I’ll have to either keep a running paper list of the foods I eat throughout the day, or bring my iPad with me wherever I go in order to log my calories. I was bummed that I couldn’t find this particular app for both the iPad and iPhone. (Those that were developed for both just didn’t seem to be as robust.) Perhaps this twinge of disappointment has been felt by doctors who have fallen in love with their new EMR, only to realize they can’t access it via their chosen mobile device.
It will take dedication on my part to keep up with daily logging of calories and activity, but I am convinced it will be worth it. After just one day, I’ve already had a nutritional wake-up call: Just seeing how much cheese I eat has made me decide to cut back before bathing-suit weather.
The beauty of the app isn’t the comprehensive list of foods already plugged in from which to choose from, but the calorie recommendations it makes based on members’ profiles (weight/height/activity level/age/gender, etc.) and the analytics that will result after I have a few days/weeks/months logged. Patterns will emerge that will give me a clearer picture of my diet – foods I should keep eating, those I should eat in moderation, and those I should avoid all together as long as I’m trying to reach a certain daily caloric intake. Not quite as important, but still similar in my mind to the aggregating power EMRs have when it comes to clinical data.

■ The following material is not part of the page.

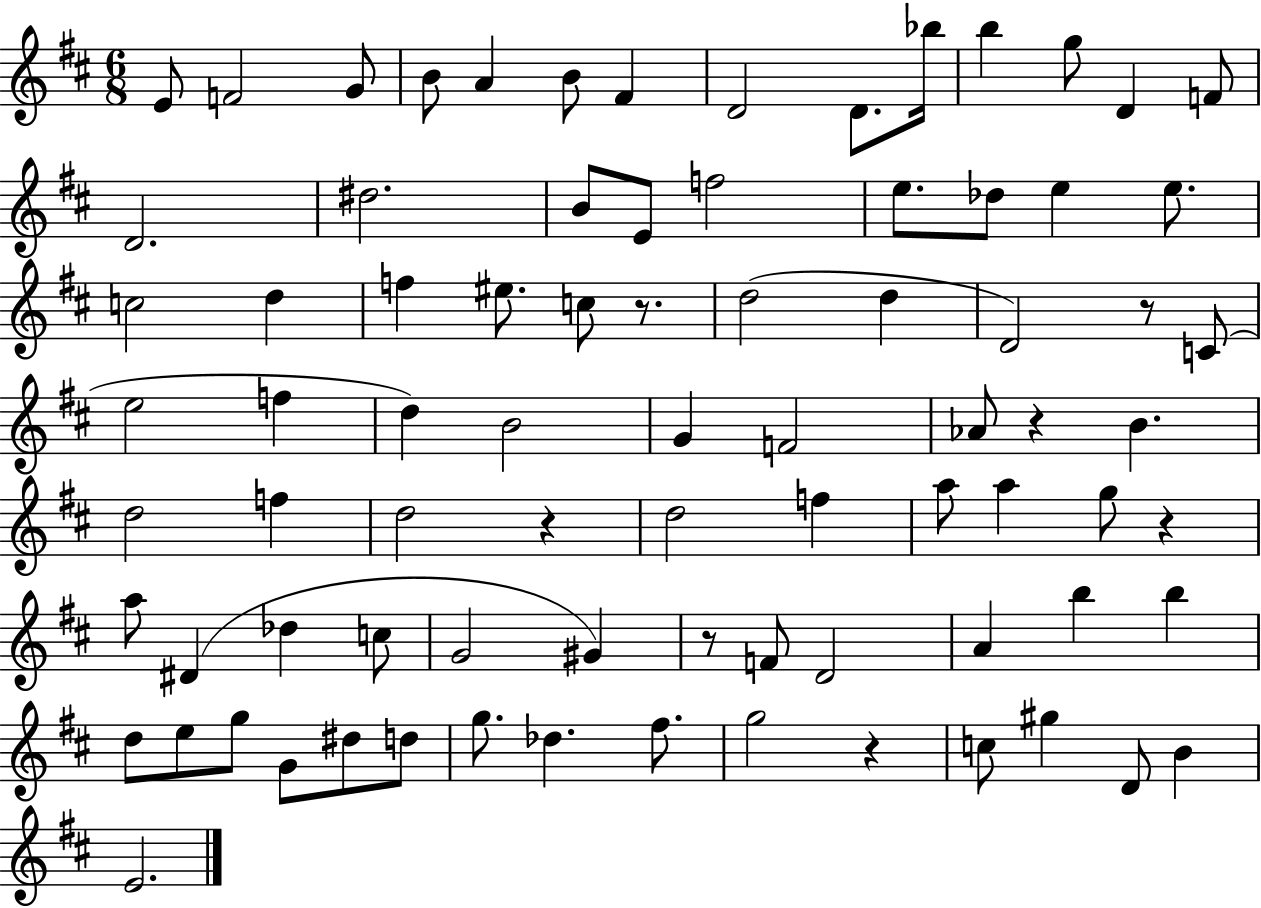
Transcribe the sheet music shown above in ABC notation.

Other than keeping up with the daily log, I also have the option of joining the Calorie Counter community on Facebook, and I think there’s a brief tutorial out there I can take a look at. Depending on my time available, I may not do either – a course of action I’m sure a few doctors also opt to take with their EMRs, which I assume is ultimately detrimental to the results they’ll see with the technology.
In addition to trying to get a bit healthier, I’m overcoming my resistance to change (as if I really want to eat less cheese!), which as my colleague John pointed out in a recent post at EMRandHIPAA.com, is “the number one reason doctors aren’t adopting EHR software.”
But change is usually good, and as John also points out, “resistance to change is going to be the reason why EHR adoption will become the norm.” I’ll let you click over to his post to find out why. In the meantime, I’m going to try and resist the bagel with cream cheese that seems to be calling my name from the kitchen.